Data excerpts:

----------------------------------------

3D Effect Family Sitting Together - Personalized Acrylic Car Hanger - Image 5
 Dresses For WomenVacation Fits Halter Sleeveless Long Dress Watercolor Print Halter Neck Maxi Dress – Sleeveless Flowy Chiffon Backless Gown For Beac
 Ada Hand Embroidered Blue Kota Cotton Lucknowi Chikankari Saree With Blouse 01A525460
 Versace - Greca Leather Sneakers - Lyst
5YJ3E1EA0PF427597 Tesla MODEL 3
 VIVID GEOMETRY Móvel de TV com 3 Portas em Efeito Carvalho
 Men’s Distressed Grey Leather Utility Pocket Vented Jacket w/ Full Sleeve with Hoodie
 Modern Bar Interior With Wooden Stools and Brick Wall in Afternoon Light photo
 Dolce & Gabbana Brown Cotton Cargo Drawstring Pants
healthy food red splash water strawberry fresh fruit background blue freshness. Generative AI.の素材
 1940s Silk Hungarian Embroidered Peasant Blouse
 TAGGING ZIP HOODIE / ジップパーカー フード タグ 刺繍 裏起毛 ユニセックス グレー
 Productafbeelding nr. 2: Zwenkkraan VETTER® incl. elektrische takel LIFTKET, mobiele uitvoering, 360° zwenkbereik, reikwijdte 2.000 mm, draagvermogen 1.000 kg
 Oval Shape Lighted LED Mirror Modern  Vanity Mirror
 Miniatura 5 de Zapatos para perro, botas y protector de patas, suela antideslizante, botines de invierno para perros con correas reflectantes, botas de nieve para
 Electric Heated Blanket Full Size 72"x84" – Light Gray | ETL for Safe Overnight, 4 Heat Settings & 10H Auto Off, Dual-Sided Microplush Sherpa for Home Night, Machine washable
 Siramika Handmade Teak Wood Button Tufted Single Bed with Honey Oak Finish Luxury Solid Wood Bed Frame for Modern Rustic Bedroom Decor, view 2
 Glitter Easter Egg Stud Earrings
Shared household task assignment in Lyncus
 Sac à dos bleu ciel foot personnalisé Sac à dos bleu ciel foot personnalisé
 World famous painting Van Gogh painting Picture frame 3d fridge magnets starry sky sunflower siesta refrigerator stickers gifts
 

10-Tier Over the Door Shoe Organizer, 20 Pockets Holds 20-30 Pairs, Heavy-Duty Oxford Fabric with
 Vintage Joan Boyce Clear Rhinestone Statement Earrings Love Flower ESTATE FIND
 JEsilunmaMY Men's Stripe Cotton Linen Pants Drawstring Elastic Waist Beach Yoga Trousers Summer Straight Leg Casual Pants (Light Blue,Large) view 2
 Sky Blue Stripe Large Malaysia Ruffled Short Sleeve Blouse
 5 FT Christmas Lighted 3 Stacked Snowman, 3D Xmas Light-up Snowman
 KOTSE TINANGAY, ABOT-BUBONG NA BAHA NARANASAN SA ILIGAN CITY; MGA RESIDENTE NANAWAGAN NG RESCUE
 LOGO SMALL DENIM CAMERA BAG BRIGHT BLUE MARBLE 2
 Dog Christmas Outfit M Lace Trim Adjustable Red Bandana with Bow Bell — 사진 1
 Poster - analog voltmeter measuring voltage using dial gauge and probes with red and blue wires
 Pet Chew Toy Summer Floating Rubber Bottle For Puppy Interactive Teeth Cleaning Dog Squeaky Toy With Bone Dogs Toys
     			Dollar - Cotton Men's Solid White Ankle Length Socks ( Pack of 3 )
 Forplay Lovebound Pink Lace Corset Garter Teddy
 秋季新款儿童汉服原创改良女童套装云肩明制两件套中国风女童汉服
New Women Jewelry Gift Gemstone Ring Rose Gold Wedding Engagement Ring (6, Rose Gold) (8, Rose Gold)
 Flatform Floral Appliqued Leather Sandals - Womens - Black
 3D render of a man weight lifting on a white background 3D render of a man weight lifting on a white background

----------------------------------------

▸ Exercise prompt: When you answer, set down the entries above precisely as they read.

▸ Solution to the exercise:
3D Effect Family Sitting Together - Personalized Acrylic Car Hanger - Image 5
 Dresses For WomenVacation Fits Halter Sleeveless Long Dress Watercolor Print Halter Neck Maxi Dress – Sleeveless Flowy Chiffon Backless Gown For Beac
 Ada Hand Embroidered Blue Kota Cotton Lucknowi Chikankari Saree With Blouse 01A525460
 Versace - Greca Leather Sneakers - Lyst
5YJ3E1EA0PF427597 Tesla MODEL 3
 VIVID GEOMETRY Móvel de TV com 3 Portas em Efeito Carvalho
 Men’s Distressed Grey Leather Utility Pocket Vented Jacket w/ Full Sleeve with Hoodie
 Modern Bar Interior With Wooden Stools and Brick Wall in Afternoon Light photo
 Dolce & Gabbana Brown Cotton Cargo Drawstring Pants
healthy food red splash water strawberry fresh fruit background blue freshness. Generative AI.の素材
 1940s Silk Hungarian Embroidered Peasant Blouse
 TAGGING ZIP HOODIE / ジップパーカー フード タグ 刺繍 裏起毛 ユニセックス グレー
 Productafbeelding nr. 2: Zwenkkraan VETTER® incl. elektrische takel LIFTKET, mobiele uitvoering, 360° zwenkbereik, reikwijdte 2.000 mm, draagvermogen 1.000 kg
 Oval Shape Lighted LED Mirror Modern  Vanity Mirror
 Miniatura 5 de Zapatos para perro, botas y protector de patas, suela antideslizante, botines de invierno para perros con correas reflectantes, botas de nieve para
 Electric Heated Blanket Full Size 72"x84" – Light Gray | ETL for Safe Overnight, 4 Heat Settings & 10H Auto Off, Dual-Sided Microplush Sherpa for Home Night, Machine washable
 Siramika Handmade Teak Wood Button Tufted Single Bed with Honey Oak Finish Luxury Solid Wood Bed Frame for Modern Rustic Bedroom Decor, view 2
 Glitter Easter Egg Stud Earrings
Shared household task assignment in Lyncus
 Sac à dos bleu ciel foot personnalisé Sac à dos bleu ciel foot personnalisé
 World famous painting Van Gogh painting Picture frame 3d fridge magnets starry sky sunflower siesta refrigerator stickers gifts
 

10-Tier Over the Door Shoe Organizer, 20 Pockets Holds 20-30 Pairs, Heavy-Duty Oxford Fabric with
 Vintage Joan Boyce Clear Rhinestone Statement Earrings Love Flower ESTATE FIND
 JEsilunmaMY Men's Stripe Cotton Linen Pants Drawstring Elastic Waist Beach Yoga Trousers Summer Straight Leg Casual Pants (Light Blue,Large) view 2
 Sky Blue Stripe Large Malaysia Ruffled Short Sleeve Blouse
 5 FT Christmas Lighted 3 Stacked Snowman, 3D Xmas Light-up Snowman
 KOTSE TINANGAY, ABOT-BUBONG NA BAHA NARANASAN SA ILIGAN CITY; MGA RESIDENTE NANAWAGAN NG RESCUE
 LOGO SMALL DENIM CAMERA BAG BRIGHT BLUE MARBLE 2
 Dog Christmas Outfit M Lace Trim Adjustable Red Bandana with Bow Bell — 사진 1
 Poster - analog voltmeter measuring voltage using dial gauge and probes with red and blue wires
 Pet Chew Toy Summer Floating Rubber Bottle For Puppy Interactive Teeth Cleaning Dog Squeaky Toy With Bone Dogs Toys
     			Dollar - Cotton Men's Solid White Ankle Length Socks ( Pack of 3 )
 Forplay Lovebound Pink Lace Corset Garter Teddy
 秋季新款儿童汉服原创改良女童套装云肩明制两件套中国风女童汉服
New Women Jewelry Gift Gemstone Ring Rose Gold Wedding Engagement Ring (6, Rose Gold) (8, Rose Gold)
 Flatform Floral Appliqued Leather Sandals - Womens - Black
 3D render of a man weight lifting on a white background 3D render of a man weight lifting on a white background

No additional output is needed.